INFORMATION Block Start
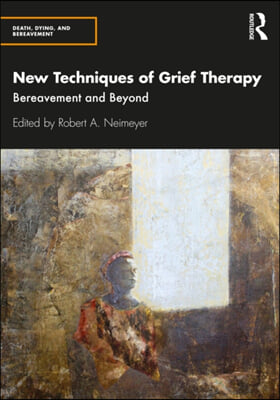 New Techniques of Grief Therapy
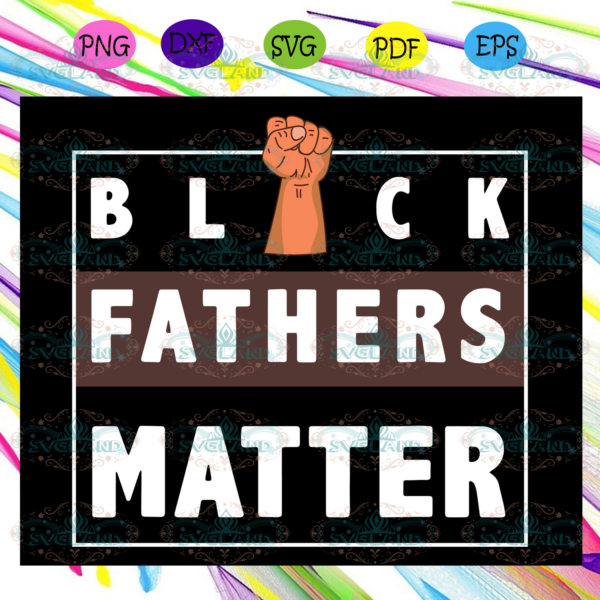 "Black Father Matter Svg 
#fatherday  #Papa #father #father #dady #family
Click here to visit my shop and shop the sale:
svgland.com
.
#svglandshop
#digitaldownloadsforsale #digitaldownloads
#digitaldownload #cricutsvg #svgshop #svgdesign
#cricutsvgfiles"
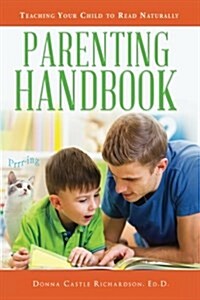 Parenting Handbook: Teaching Your Child to Read (Paperback)
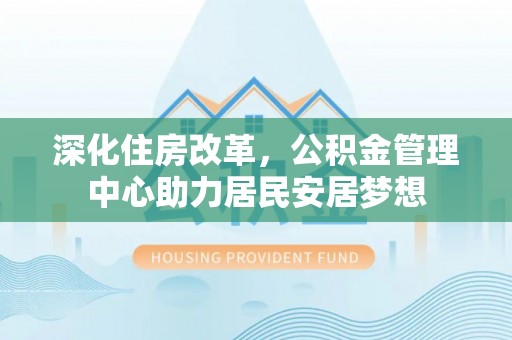 义竹深化住房改革，公积金管理中心助力居民安居梦想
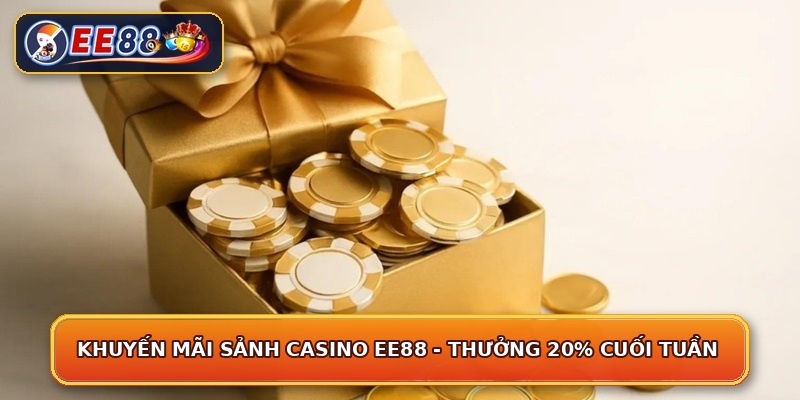 Khuyến Mãi Sảnh Casino EE88 - Thưởng 20% Cuối Tuần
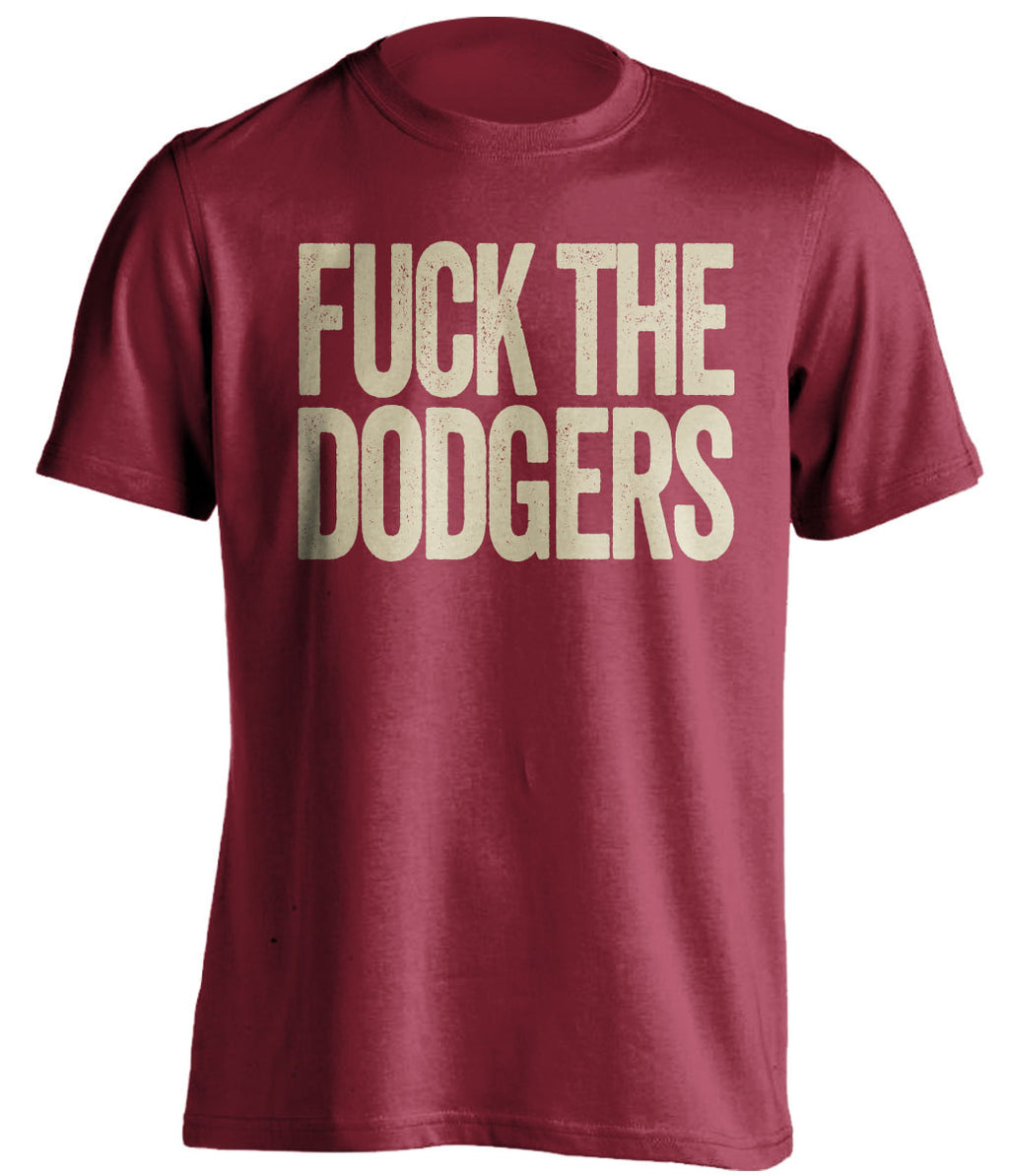 FUCK THE DODGERS Arizona Diamondbacks red TShirt
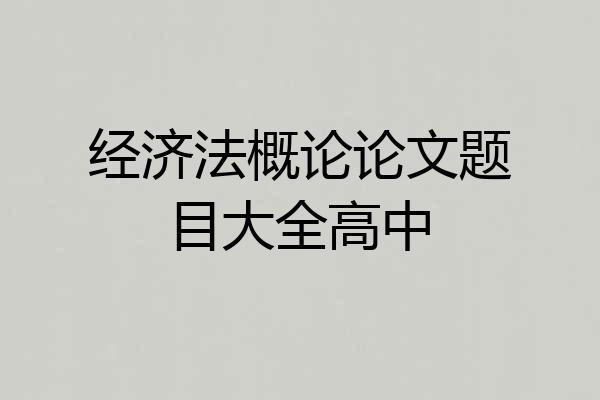 经济法概论论文题目大全高中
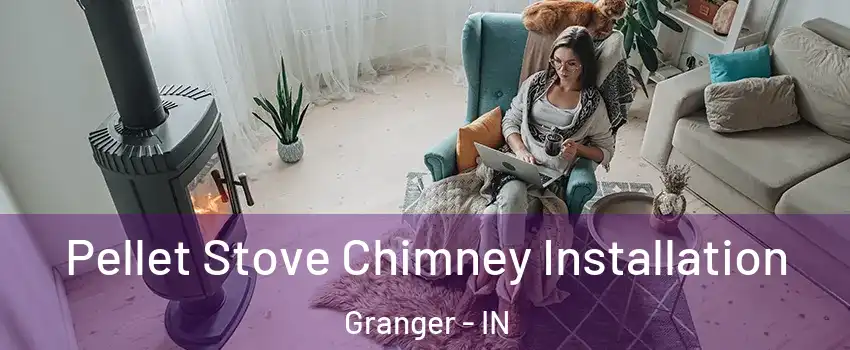  Pellet Stove Chimney Installation Granger - IN
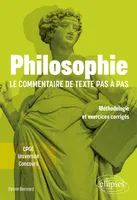 Philosophie. Le commentaire de texte pas à pas., Méthodologie et exercices corrigés. CPGE, Université, Concours.
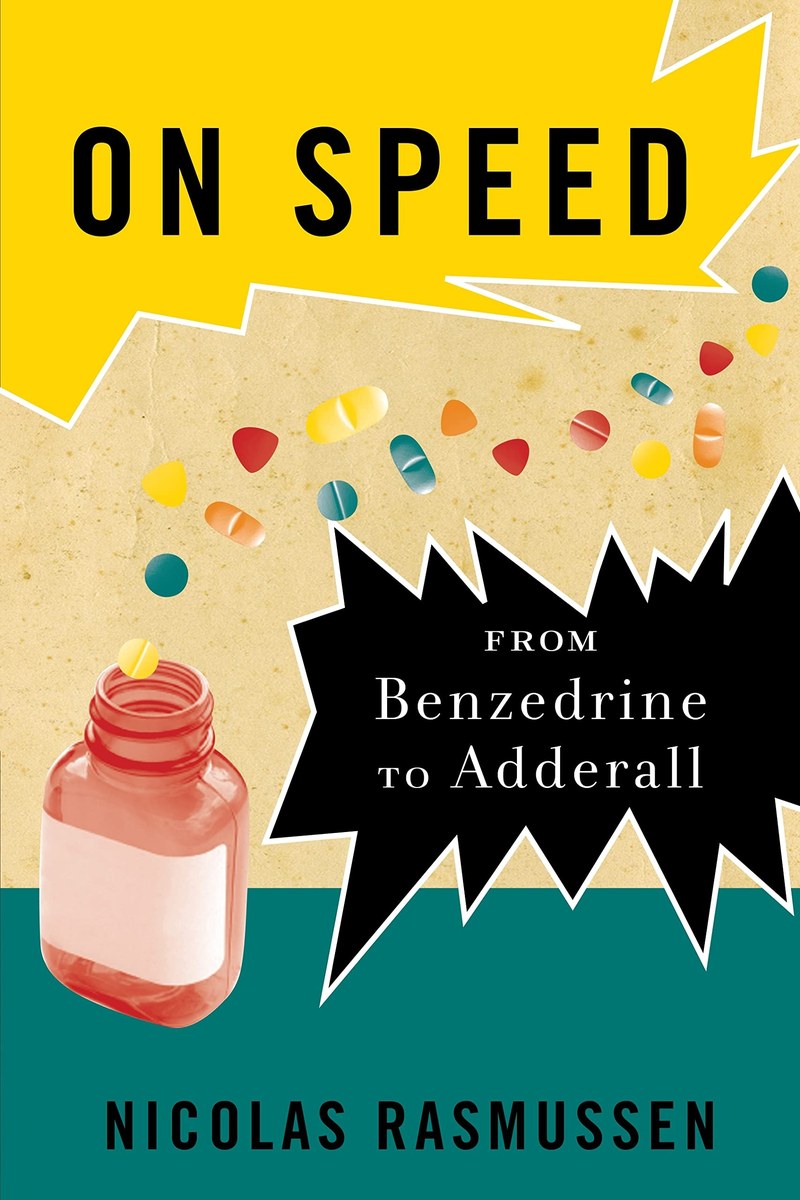 Cover of On Speed: From Benzedrine to Adderall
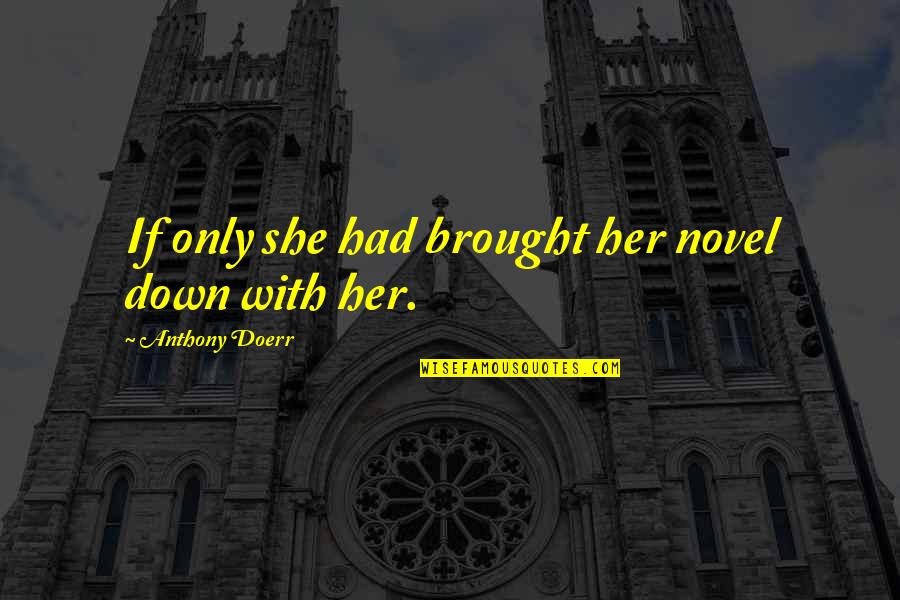 Kvetching 7 Quotes By Anthony Doerr: If only she had brought her novel down Kvetching 7 Quotes By Anthony Doerr: If only she had brought her novel down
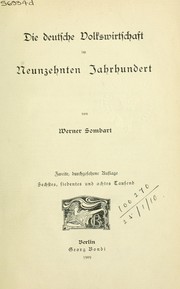 Cover of: Die deutsche Volkswirtschaft im neunzehnten Jahrhundert by Werner Sombart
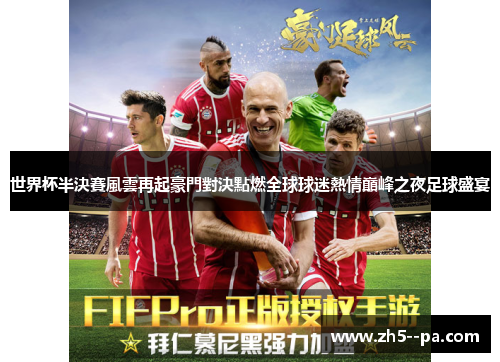 世界杯半決賽風雲再起豪門對決點燃全球球迷熱情巔峰之夜足球盛宴 世界杯半決賽風雲再起豪門對決點燃全球球迷熱情巔峰之夜足球盛宴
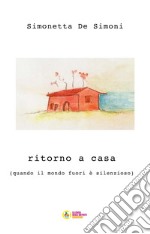 Ritorno a casa. (quando il mondo fuori è silenzioso) libro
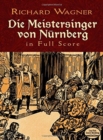 Die Meistersinger Von Nurnberg in Full Score - Book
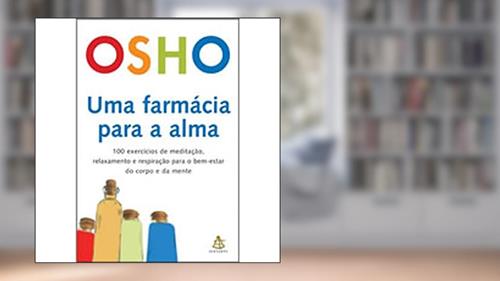 Capa de Uma Farmácia Para A Alma, do autor Osho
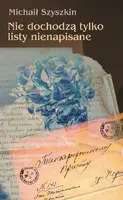 Okładka: Nie dochodzą tylko listy nienapisane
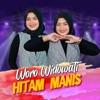 Hitam Manis - Single
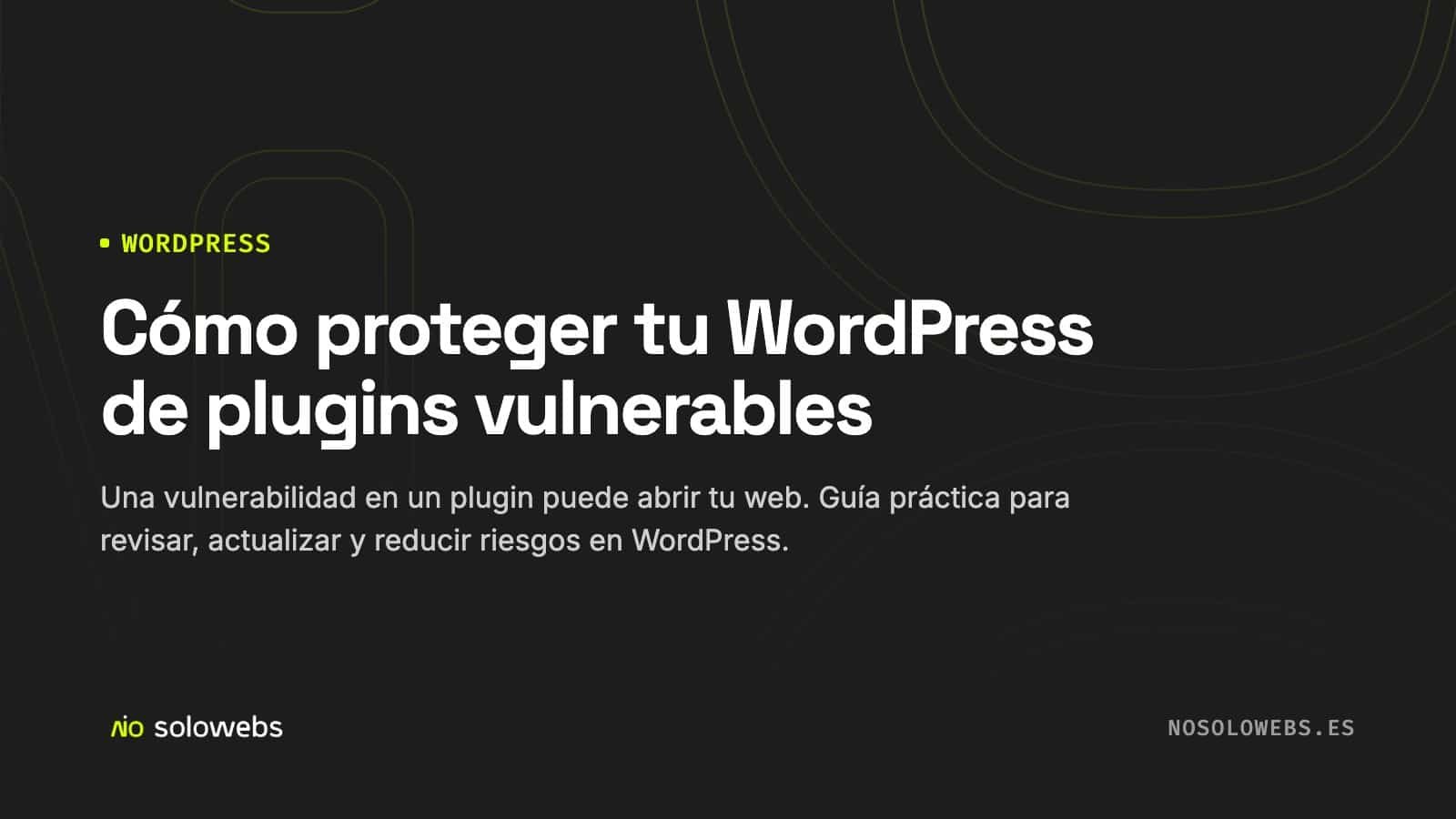 Cómo proteger tu WordPress de plugins vulnerables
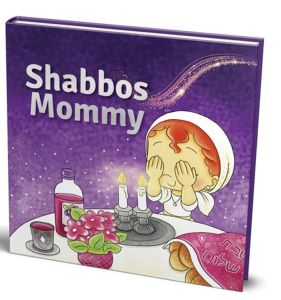 Shabbos Mommy
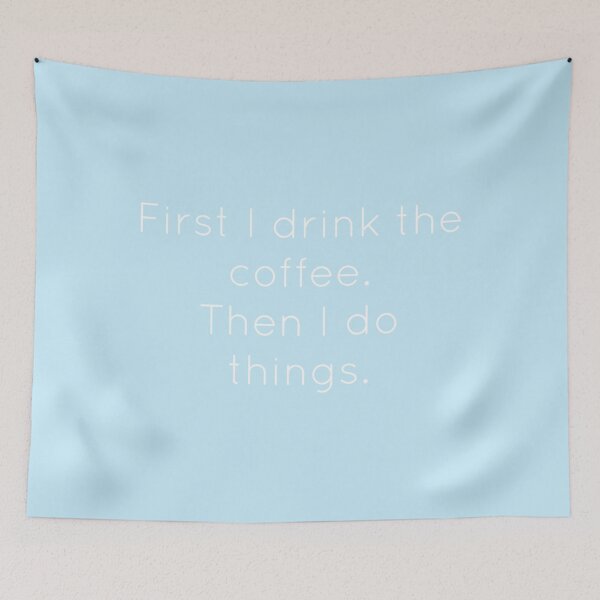 Item preview, First I Drink The Coffee Then I Do Things   designed and sold by BrownLouvenia.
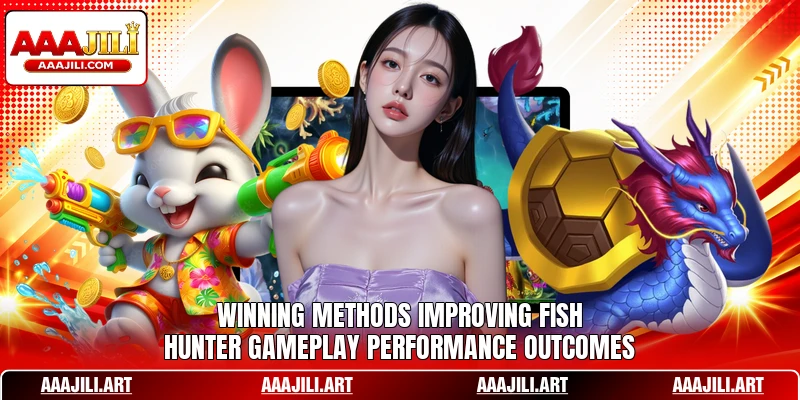 Winning methods improving Fish Hunter gameplay performance outcomes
INFORMATION Block End
> WHAT YOU NEED TO DO
Repeat the records above verbatim. Include none of the pictures.

> ANSWER BOX
 New Techniques of Grief Therapy
 "Black Father Matter Svg 
#fatherday  #Papa #father #father #dady #family
Click here to visit my shop and shop the sale:
svgland.com
.
#svglandshop
#digitaldownloadsforsale #digitaldownloads
#digitaldownload #cricutsvg #svgshop #svgdesign
#cricutsvgfiles"
 Parenting Handbook: Teaching Your Child to Read (Paperback)
 义竹深化住房改革，公积金管理中心助力居民安居梦想
 Khuyến Mãi Sảnh Casino EE88 - Thưởng 20% Cuối Tuần
 FUCK THE DODGERS Arizona Diamondbacks red TShirt
 经济法概论论文题目大全高中
  Pellet Stove Chimney Installation Granger - IN
 Philosophie. Le commentaire de texte pas à pas., Méthodologie et exercices corrigés. CPGE, Université, Concours.
 Cover of On Speed: From Benzedrine to Adderall
 Kvetching 7 Quotes By Anthony Doerr: If only she had brought her novel down Kvetching 7 Quotes By Anthony Doerr: If only she had brought her novel down
 Cover of: Die deutsche Volkswirtschaft im neunzehnten Jahrhundert by Werner Sombart
 世界杯半決賽風雲再起豪門對決點燃全球球迷熱情巔峰之夜足球盛宴 世界杯半決賽風雲再起豪門對決點燃全球球迷熱情巔峰之夜足球盛宴
 Ritorno a casa. (quando il mondo fuori è silenzioso) libro
 Die Meistersinger Von Nurnberg in Full Score - Book
 Capa de Uma Farmácia Para A Alma, do autor Osho
 Okładka: Nie dochodzą tylko listy nienapisane
 Hitam Manis - Single
 Cómo proteger tu WordPress de plugins vulnerables
 Shabbos Mommy
 Item preview, First I Drink The Coffee Then I Do Things   designed and sold by BrownLouvenia.
 Winning methods improving Fish Hunter gameplay performance outcomes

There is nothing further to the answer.